Records for processing.
****************

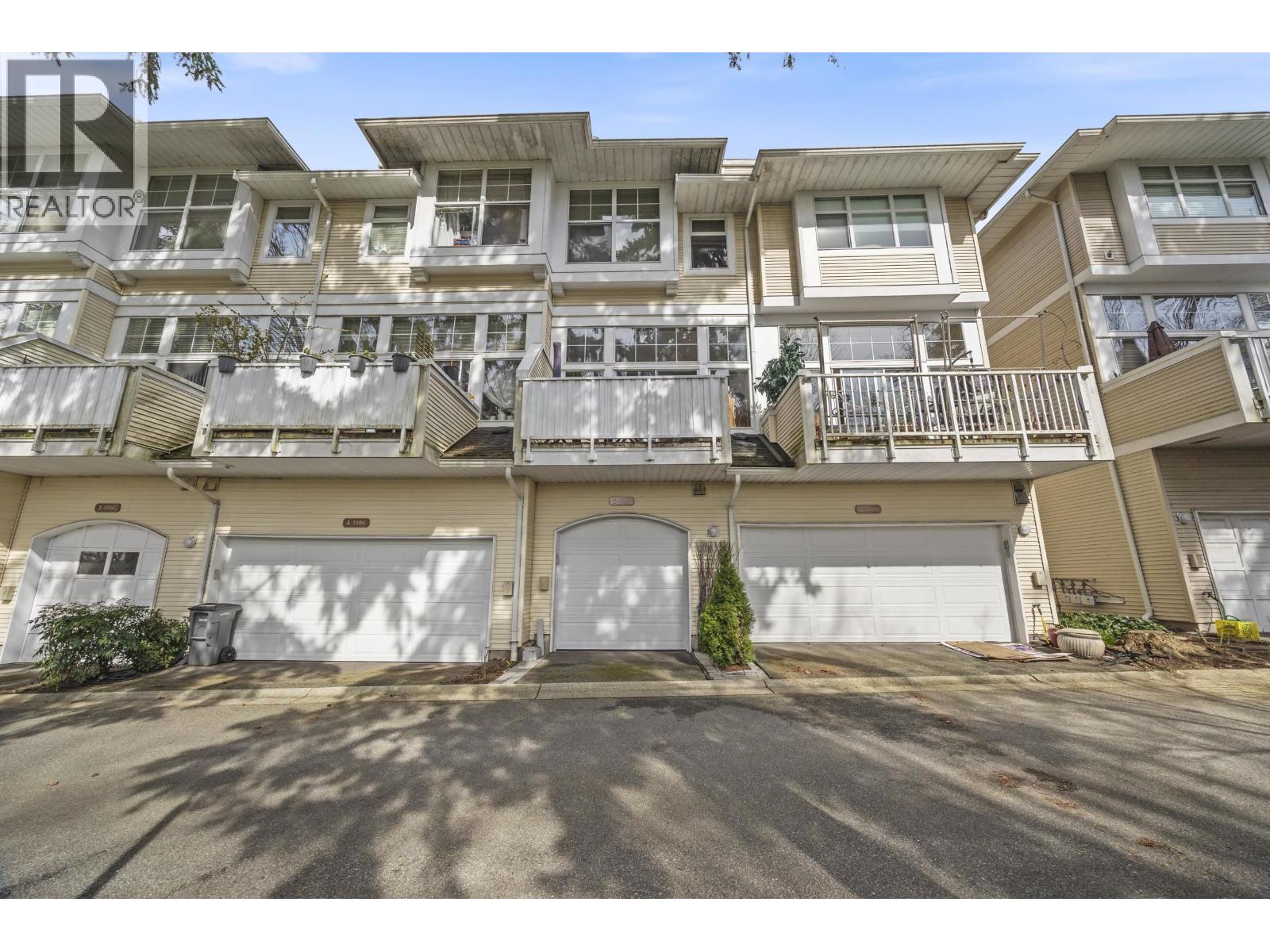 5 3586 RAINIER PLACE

****************

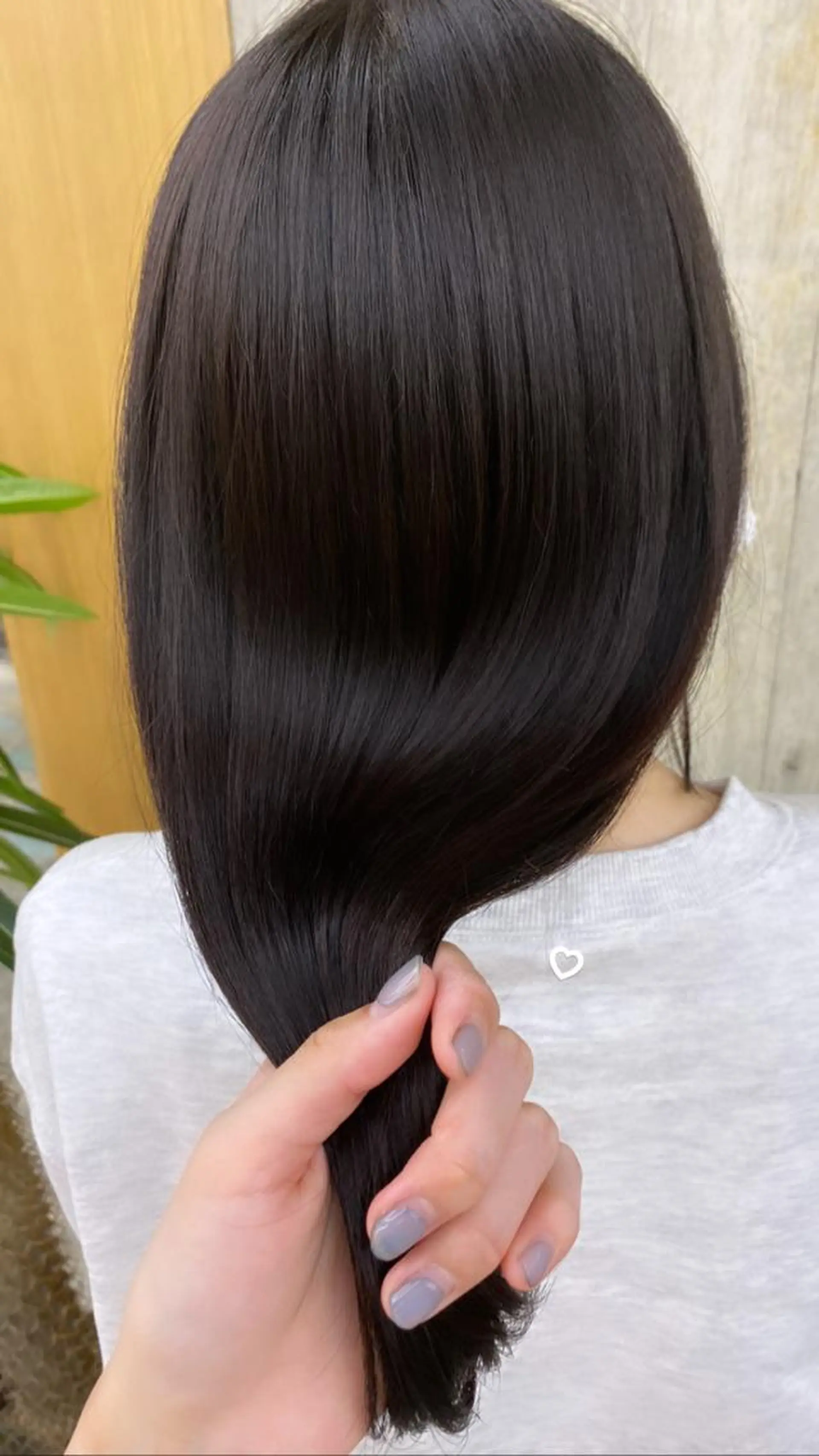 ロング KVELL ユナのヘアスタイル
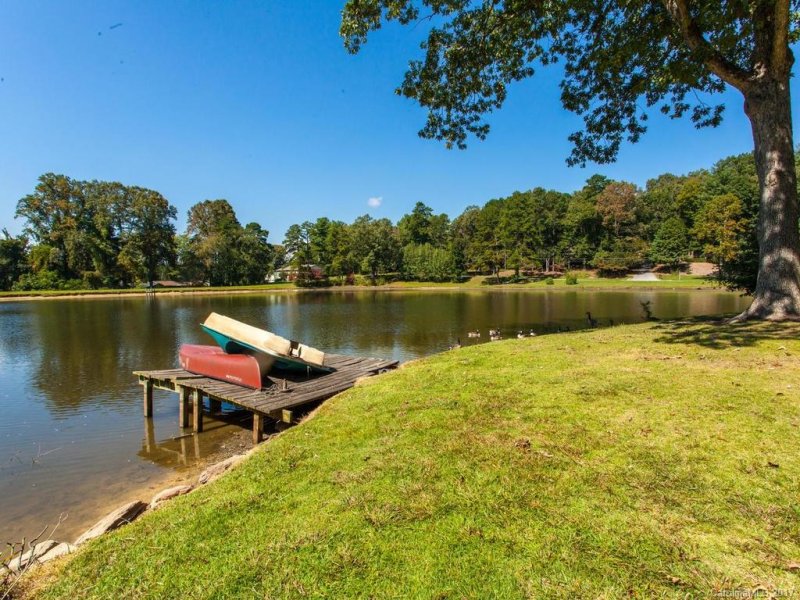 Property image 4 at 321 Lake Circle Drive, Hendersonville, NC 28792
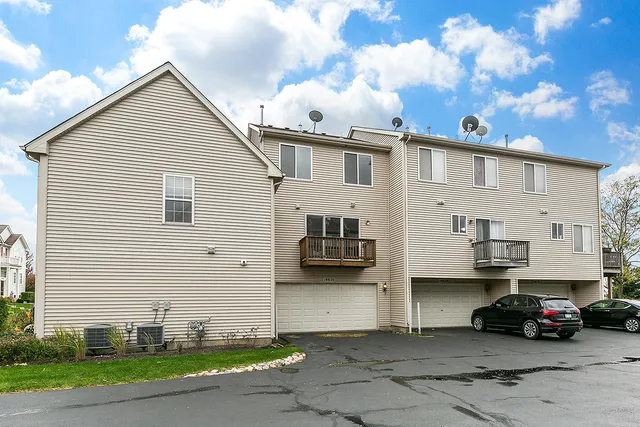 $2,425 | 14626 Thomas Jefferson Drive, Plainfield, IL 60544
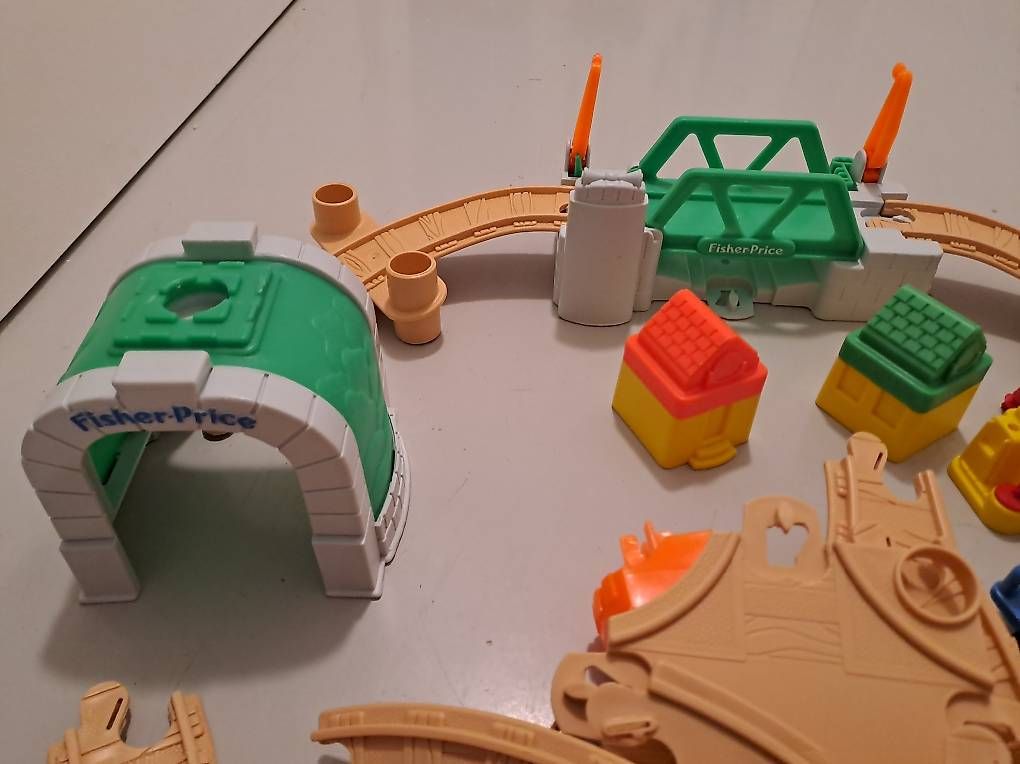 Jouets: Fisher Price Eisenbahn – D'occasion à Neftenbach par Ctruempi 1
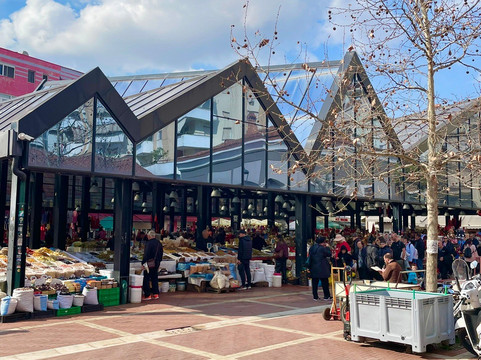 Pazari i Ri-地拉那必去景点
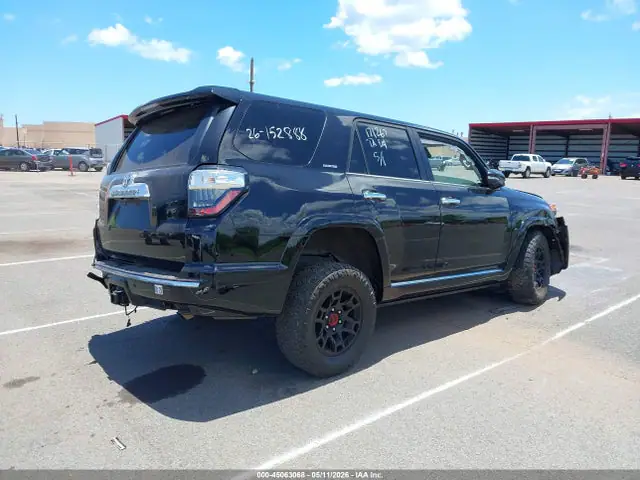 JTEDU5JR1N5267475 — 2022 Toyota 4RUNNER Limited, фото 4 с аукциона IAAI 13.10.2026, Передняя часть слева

****************

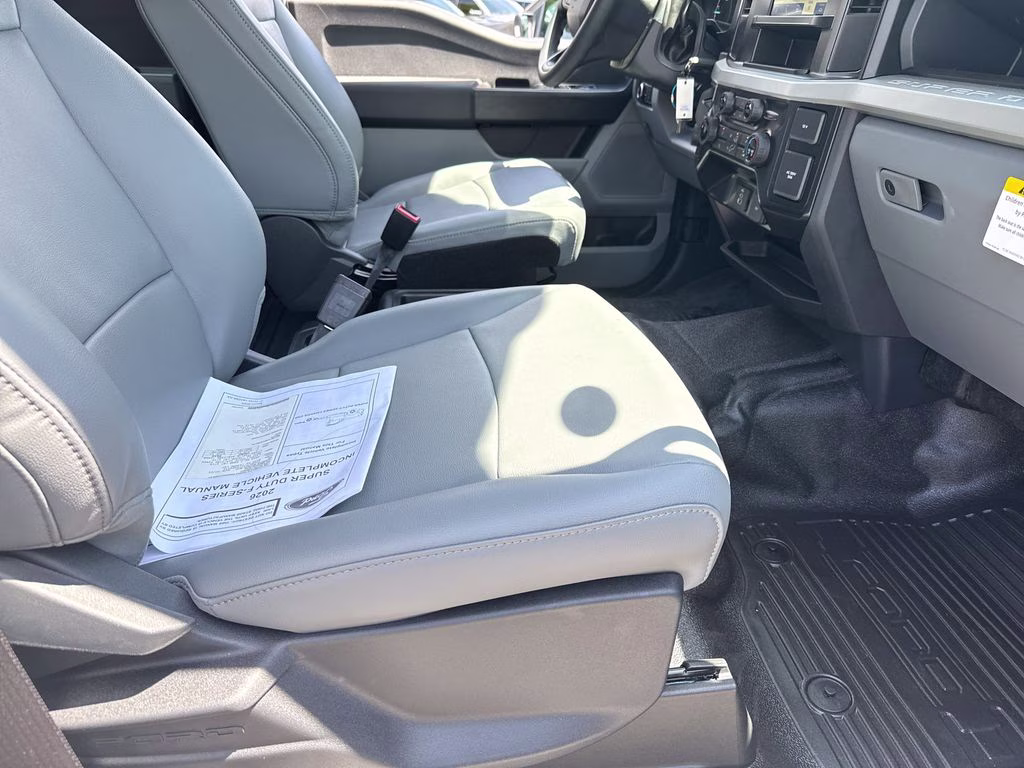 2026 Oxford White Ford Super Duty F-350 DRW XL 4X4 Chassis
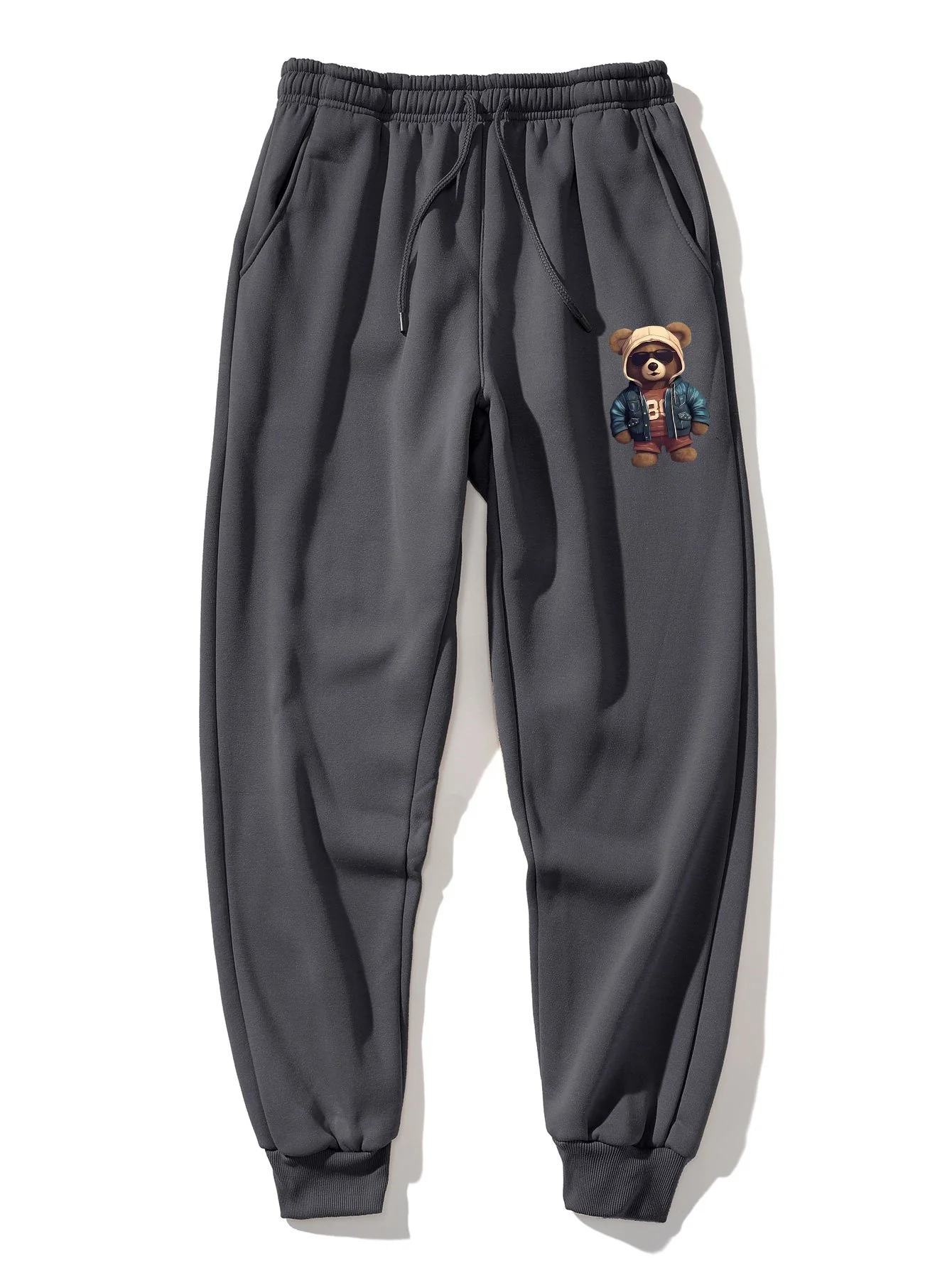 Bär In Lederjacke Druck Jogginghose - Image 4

****************

Your goal.
Reproduce the entries exactly, from the line with "2026 Oxford White" to the line with "Bär In Lederjacke", both lines included, keeping no pictures.

Result below.
 2026 Oxford White Ford Super Duty F-350 DRW XL 4X4 Chassis
 Bär In Lederjacke Druck Jogginghose - Image 4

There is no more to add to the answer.